In the context of drug addiction complicated by psychiatric disturbance, modern auricular acupuncture treatment is playing a vital role in prisons, rehabilitation centers and mental health day centers.

Depression itself is one of the 10 most frequent indications for the use of complementary and alternative medicine and ever-increasing numbers of mental health service users want access to complementary therapies.

A new pilot study by researchers at the University of Arizona confirmed that acupuncture is a promising treatment for major depression in women.*

Thirty-eight subjects who participated in the study were adult women diagnosed with mild to moderate depression. They were treated with acupuncture according to the principles of Traditional Chinese Medicine, each for her own specific pattern of symptoms. They were treated twice per week for one month and once per week for a second month, for a total of twelve sessions. After completion of acupuncture treatment for depression, 70% of women experienced at least a 50% reduction of symptoms, results comparable to the success rate of psychotherapy and medication.

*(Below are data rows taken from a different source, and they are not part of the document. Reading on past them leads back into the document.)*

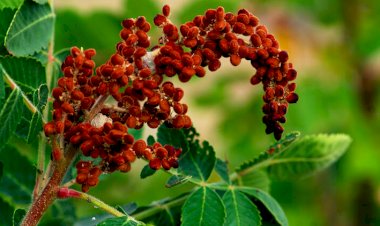 Sumak nedir, sumağın faydaları nelerdir?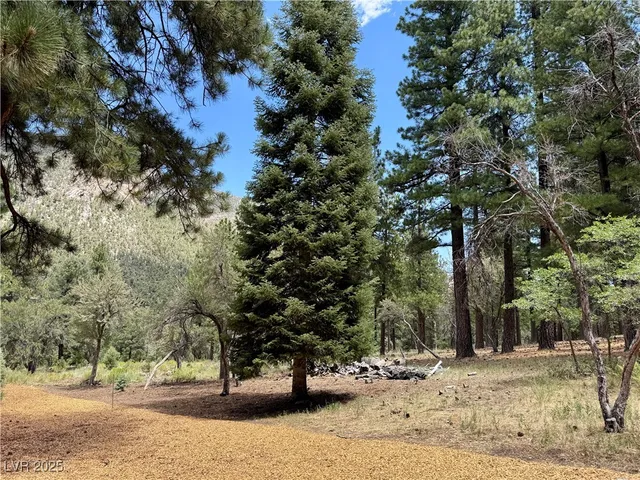 $2,225,000 | 240 Alpine Crest Court, Mount Charleston, NV 89124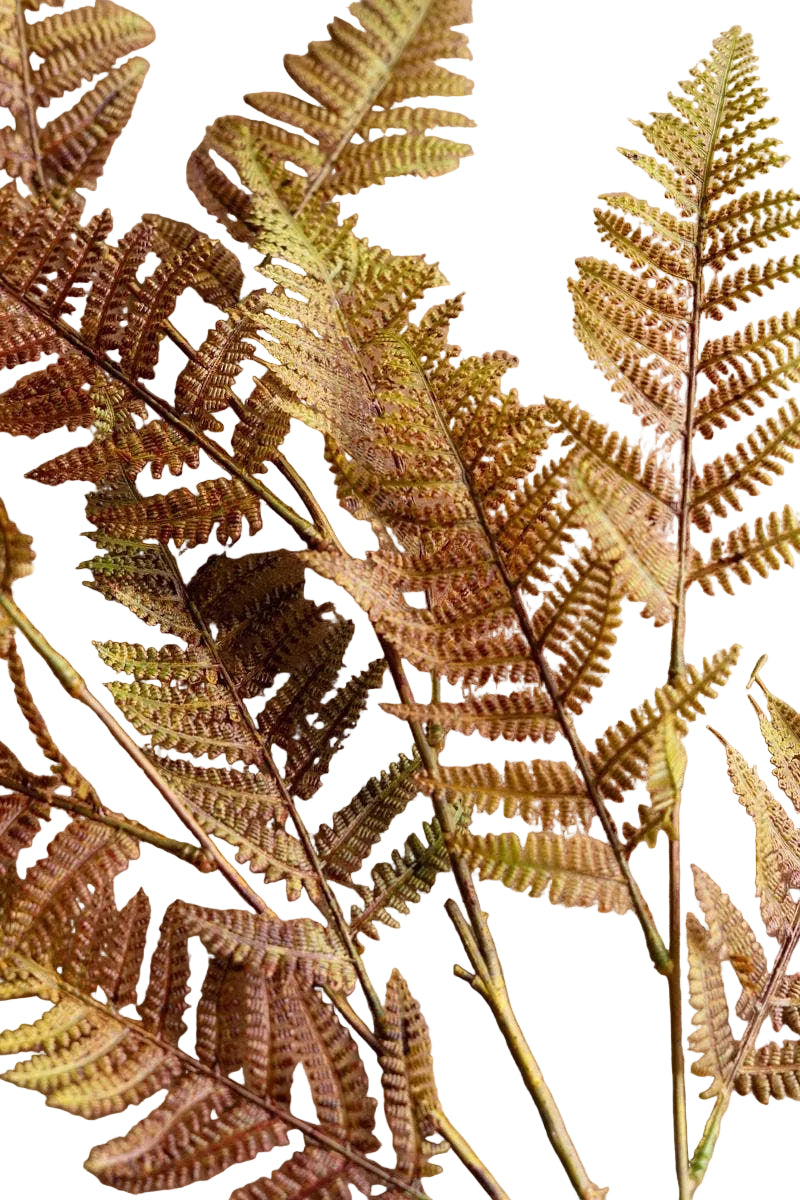 Autumn Fern Stem 40"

This study is important because it is the first randomized, controlled, double-blinded study of acupuncture’s effectiveness for depression reported in Western scientific literature.

*The study was funded by a grant from the National Institutes of Health (NIH) Office of Alternative Medicine. The results were published in the September 1998 issue of Psychological Science, a journal of the American Psychological Society, as “The Efficacy of Acupuncture in the Treatment of Major Depression in Women.”
The authors were John J.B. Allen, Rosa N. Schnyer, and Sabrina K. Hitt.